▶ **DATA EXTRACTS**
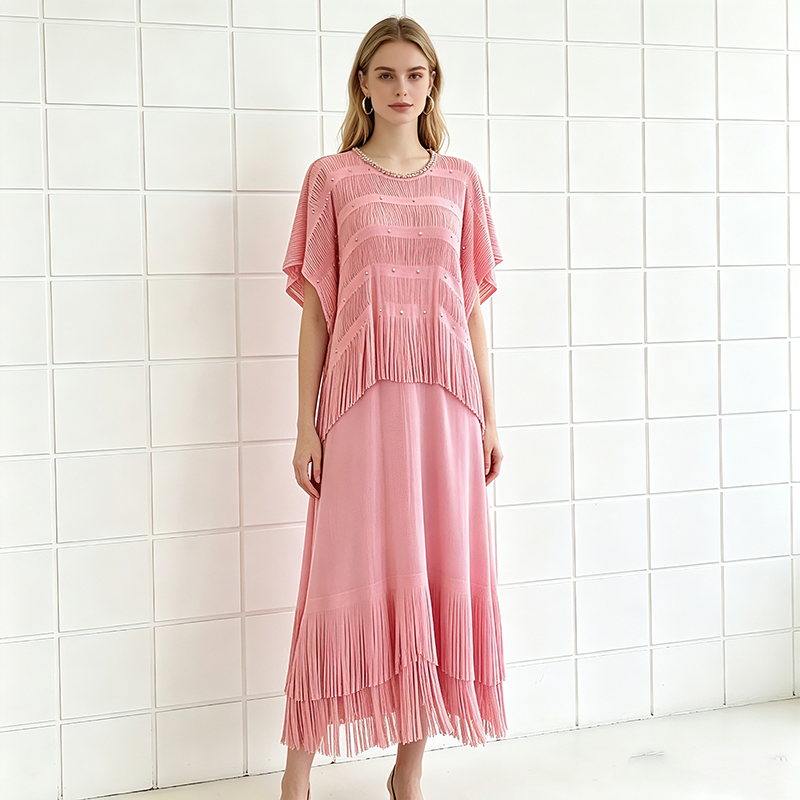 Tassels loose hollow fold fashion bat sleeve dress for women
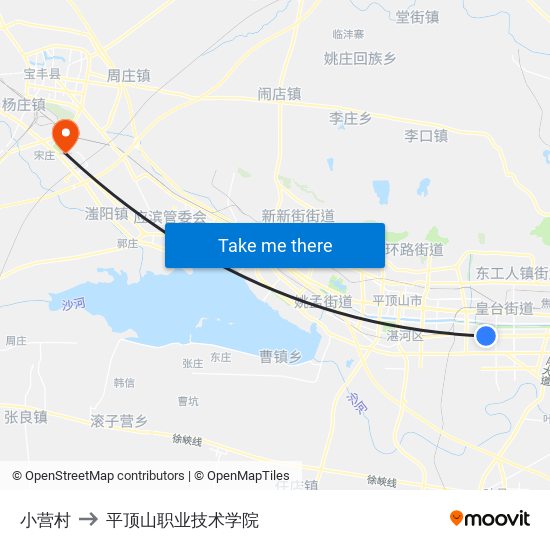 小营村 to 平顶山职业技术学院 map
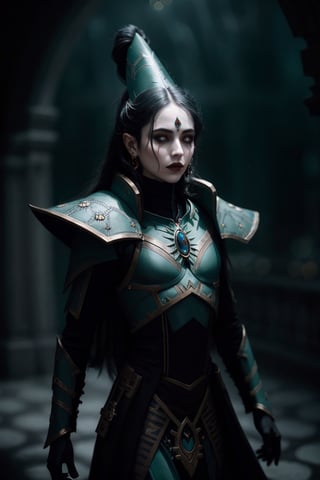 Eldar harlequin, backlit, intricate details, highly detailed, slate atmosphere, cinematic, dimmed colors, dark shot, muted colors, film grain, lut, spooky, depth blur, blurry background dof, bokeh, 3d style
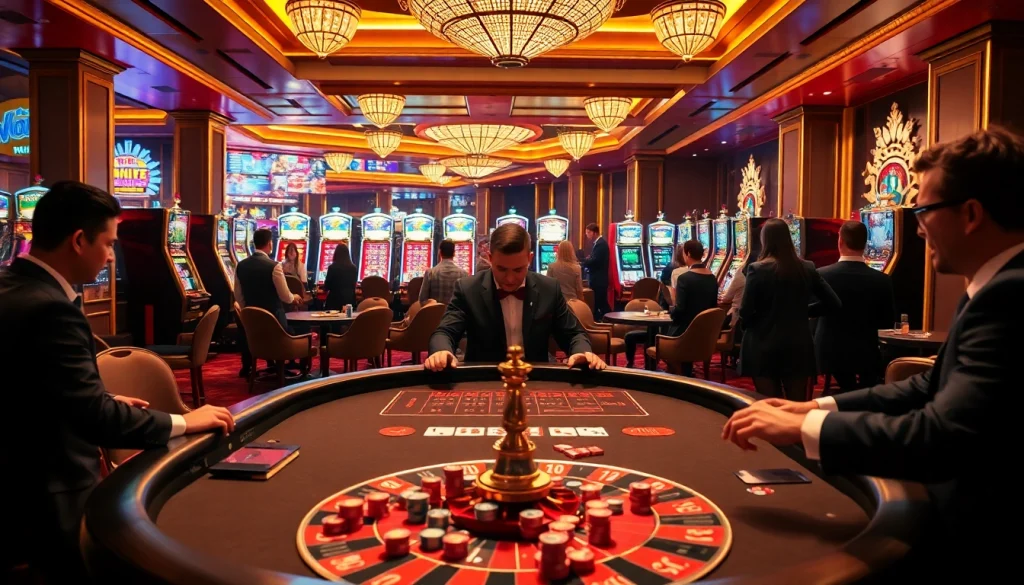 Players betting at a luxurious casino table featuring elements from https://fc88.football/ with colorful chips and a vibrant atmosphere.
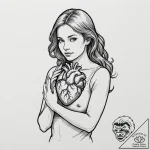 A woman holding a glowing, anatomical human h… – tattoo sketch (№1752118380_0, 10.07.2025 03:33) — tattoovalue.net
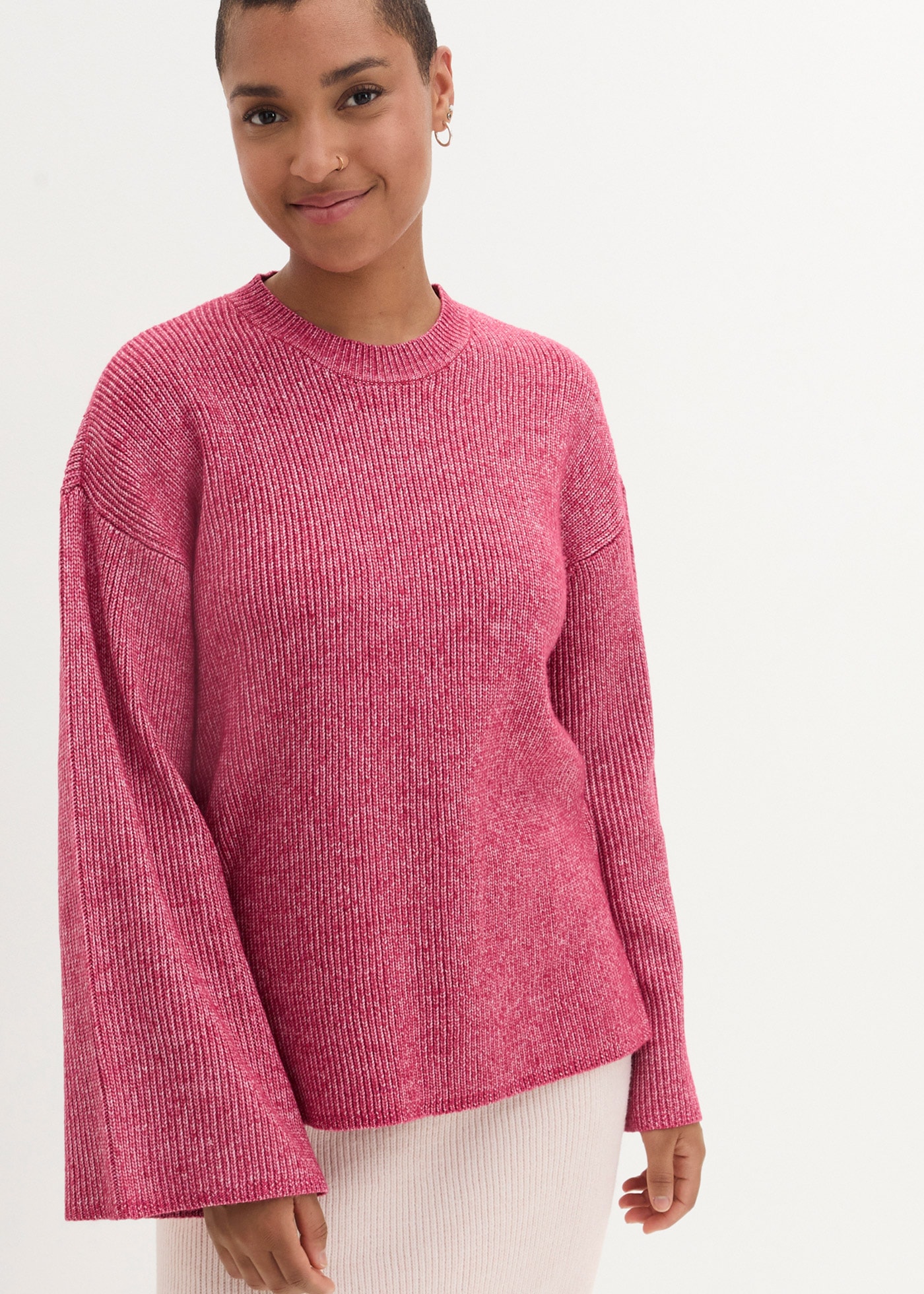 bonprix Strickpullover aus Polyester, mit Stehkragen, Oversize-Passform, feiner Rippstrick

▶ **WORK REQUEST**
Exact copy, pictures omitted: every line from the one holding "A woman holding" through the last line of the data above, and nothing else.

▶ **EXERCISE RESULT**
 A woman holding a glowing, anatomical human h… – tattoo sketch (№1752118380_0, 10.07.2025 03:33) — tattoovalue.net
 bonprix Strickpullover aus Polyester, mit Stehkragen, Oversize-Passform, feiner Rippstrick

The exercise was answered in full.